■ **What you should do**
Reproduce exactly the span of lines beginning at the one with "Regal XL wandlichtspiegel" and ending at the last line of the data below, omitting pictures.

──────

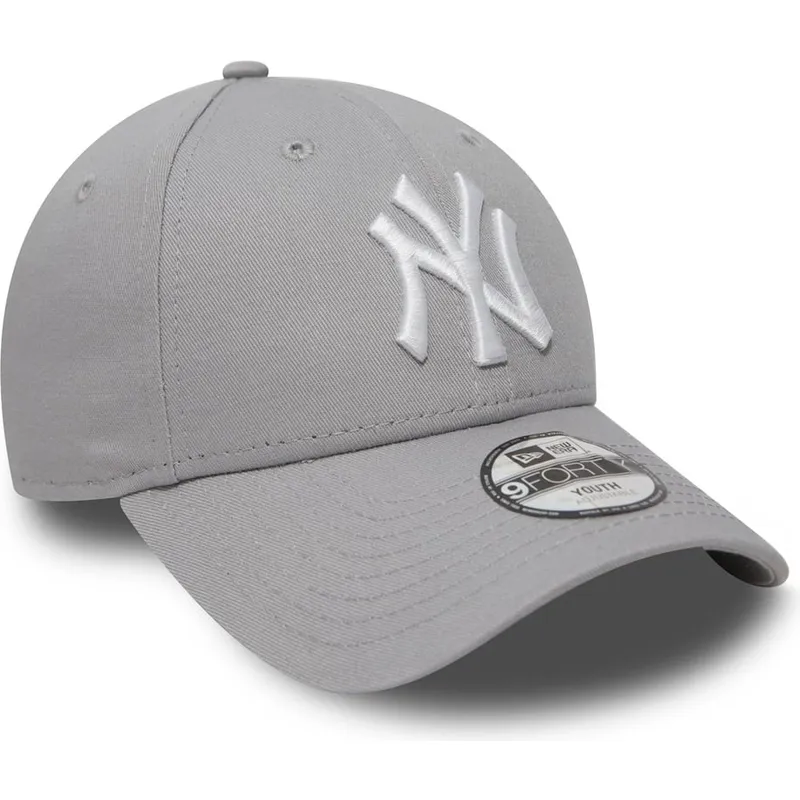 sapkak-ivelt-szurke-allithato-gyereknek-9forty-essential-new-york-yankees-mlb-new-era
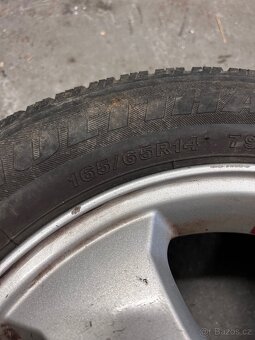 Alu 165/65 R14 4x100 - 4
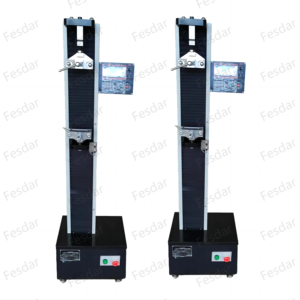 Dijital ekran tek sütun çekme test makinesi silikon ve çekme güç testi makinesi - Product Image 2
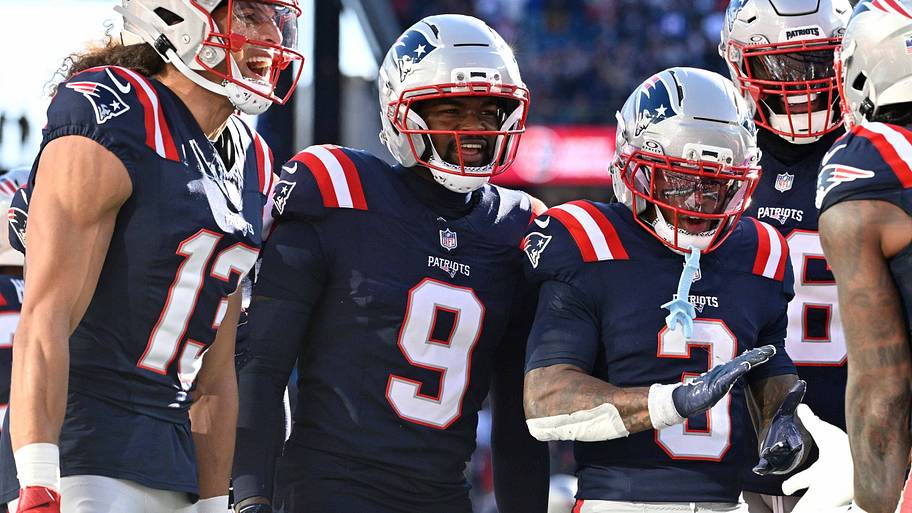 Patriots WRs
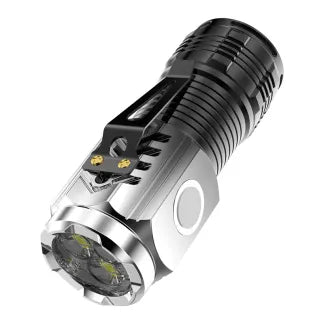 Compact Waterproof LED Torch with 5 Settings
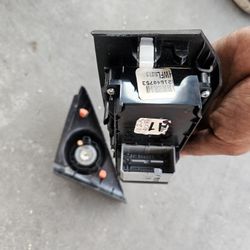 2013 - 2018 Acura ILX Driver Door Speakers, Door Handle And Door Lock Actuator 
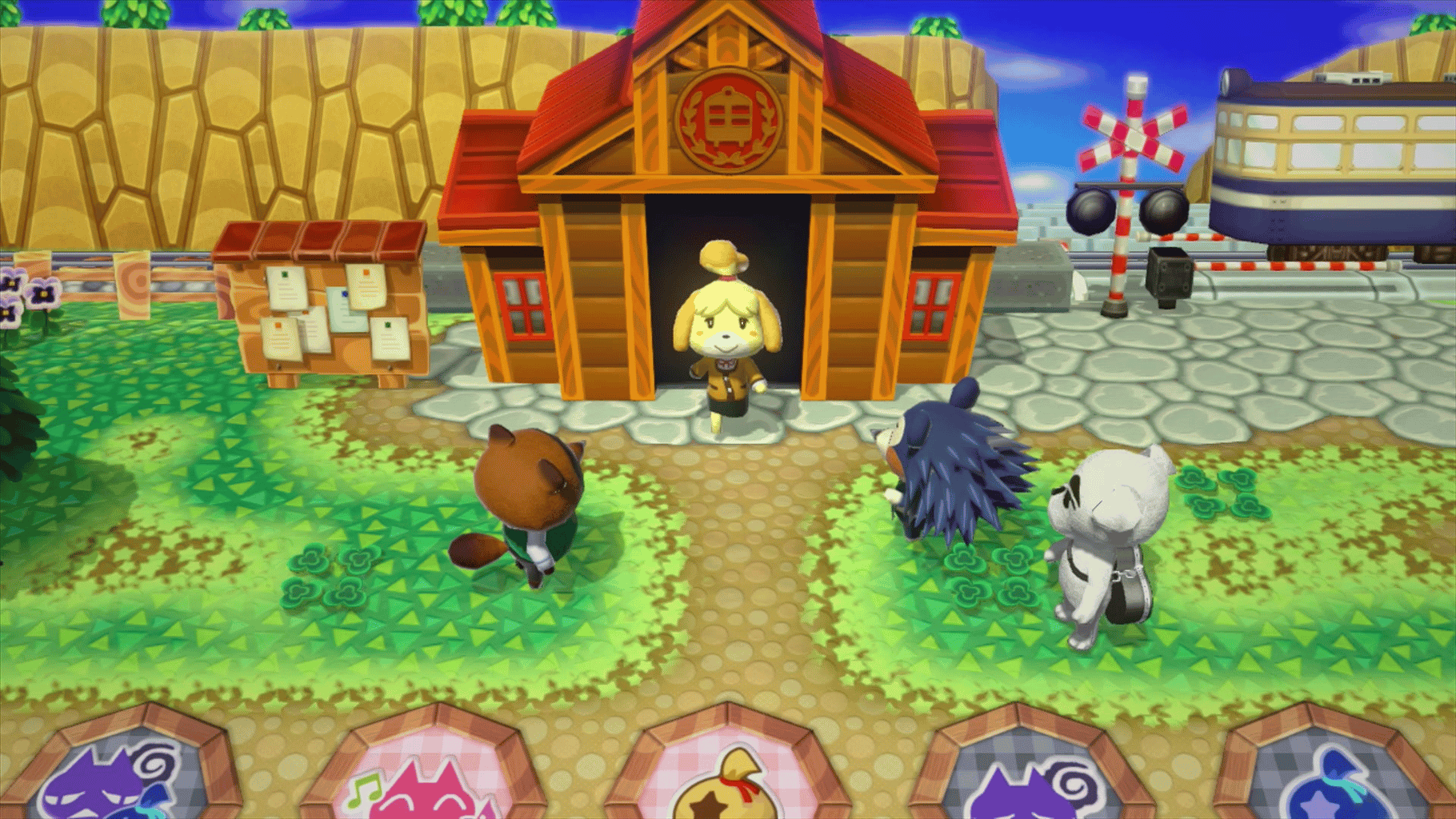 Animal Crossing: Amiibo Festival screenshot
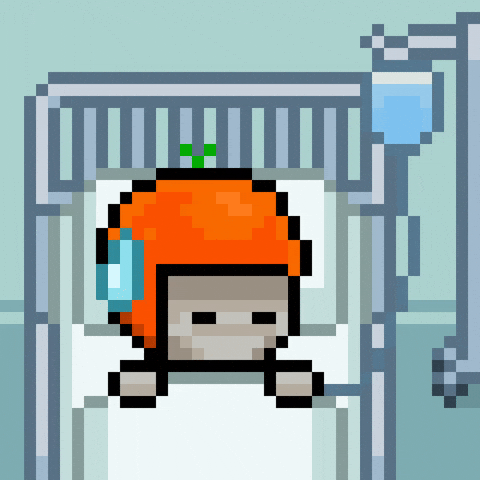 Sick Hospital GIF by CoinEasy
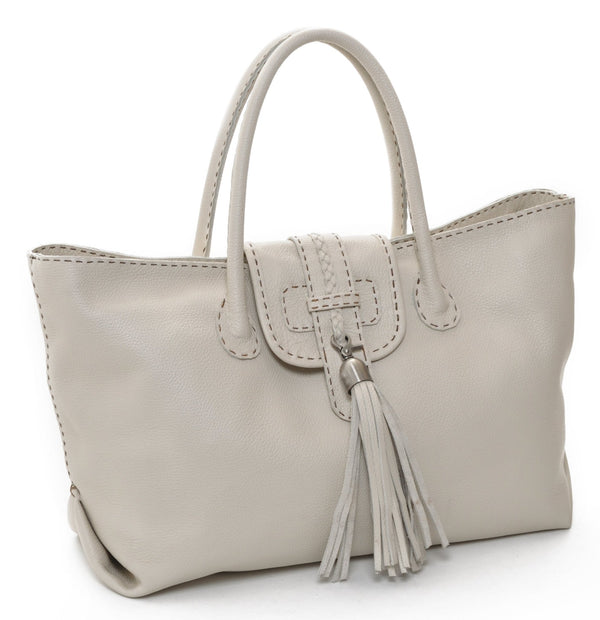 KARA Beige 1 - Carla Mancini Handbags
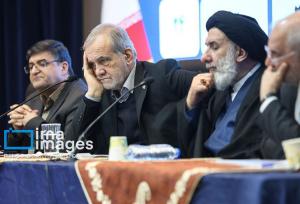 زبان بدن رئیس‌جمهور خبرساز شد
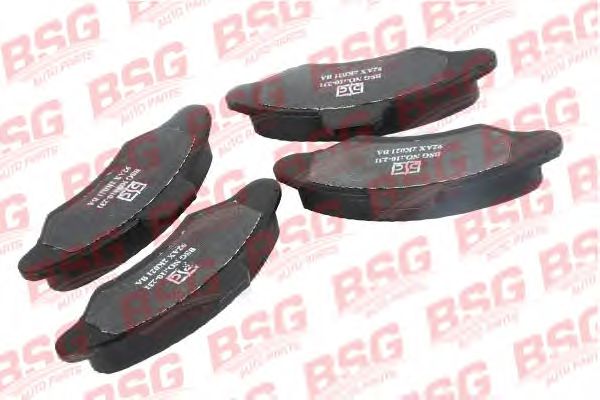 Brake Pad Set, disc brake BSG 30-200-016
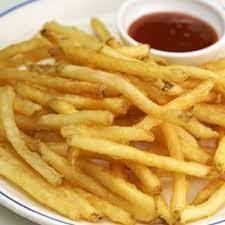 crispy french fries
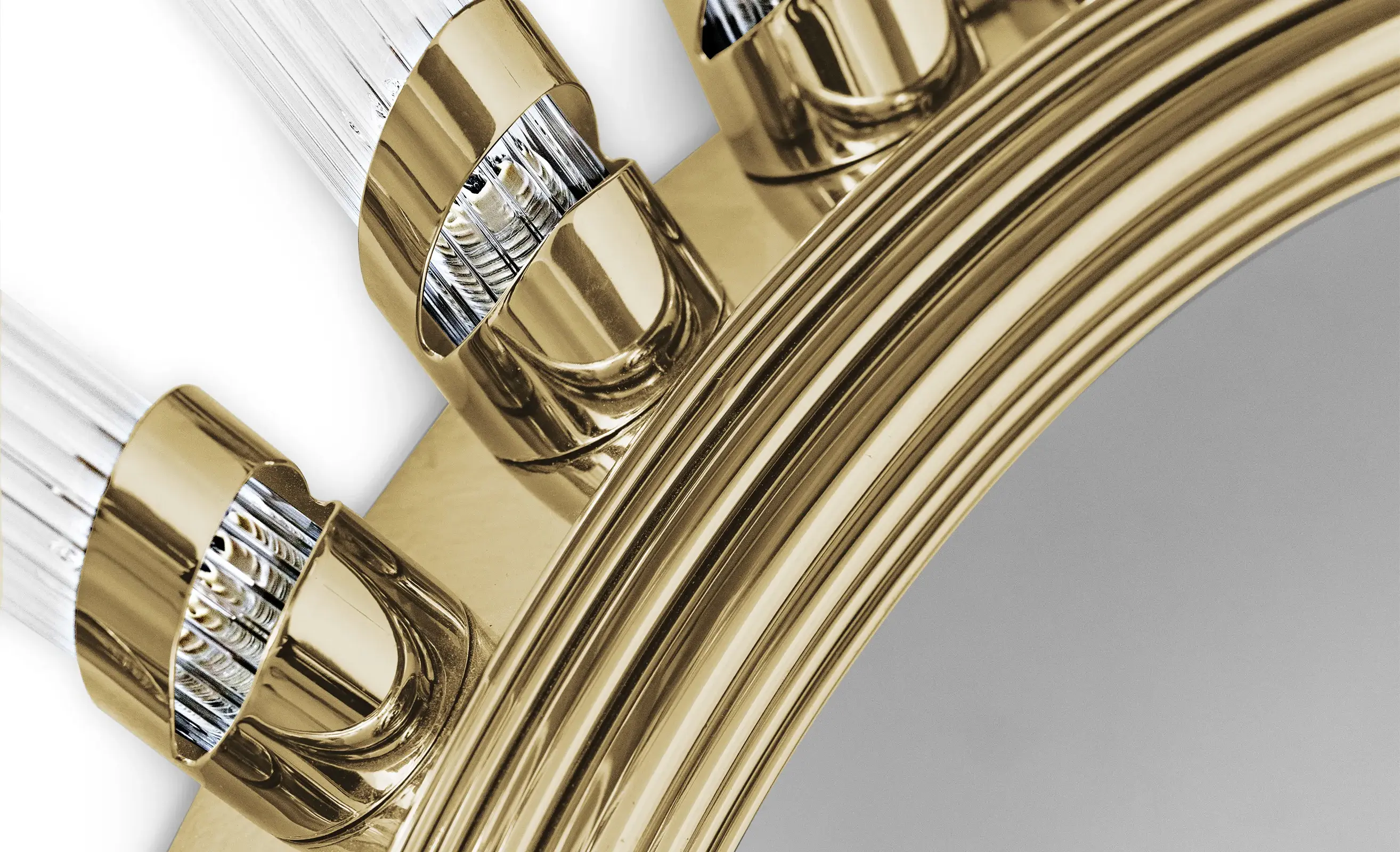 Regal XL wandlichtspiegel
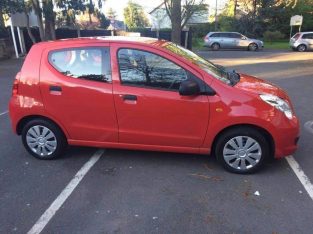 2012 Suzuki Alto 1.0 SZ3 , 5dr, Long MOT, ZERO ROAD TAX Bargain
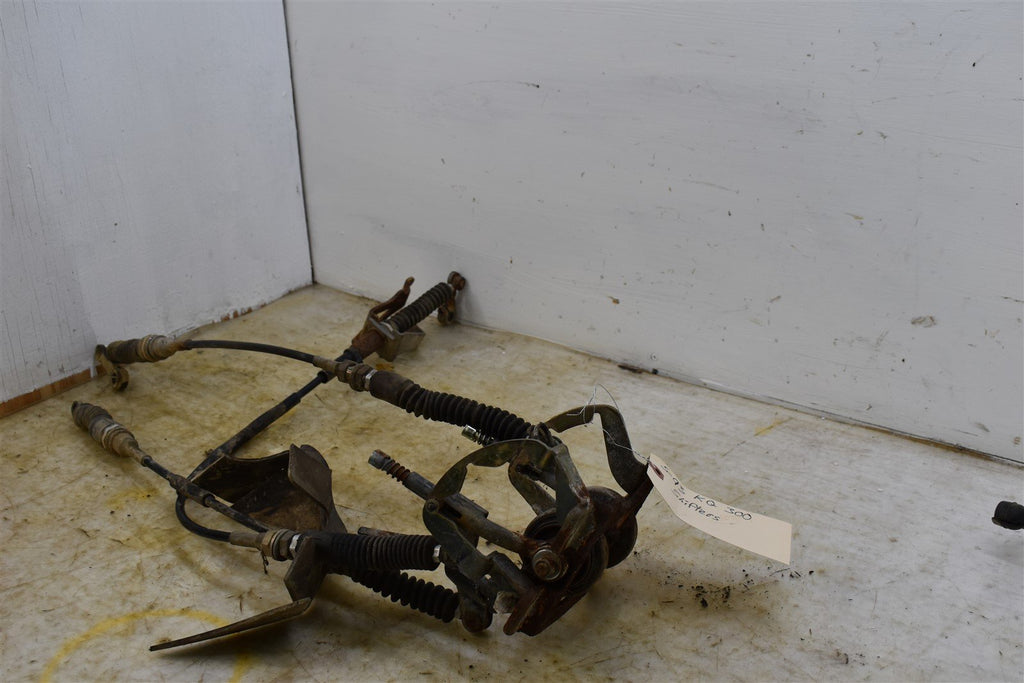 1993 Suzuki King Quad 300 Shifters & Cables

──────

■ **Your solution**
 Regal XL wandlichtspiegel
 2012 Suzuki Alto 1.0 SZ3 , 5dr, Long MOT, ZERO ROAD TAX Bargain
 1993 Suzuki King Quad 300 Shifters & Cables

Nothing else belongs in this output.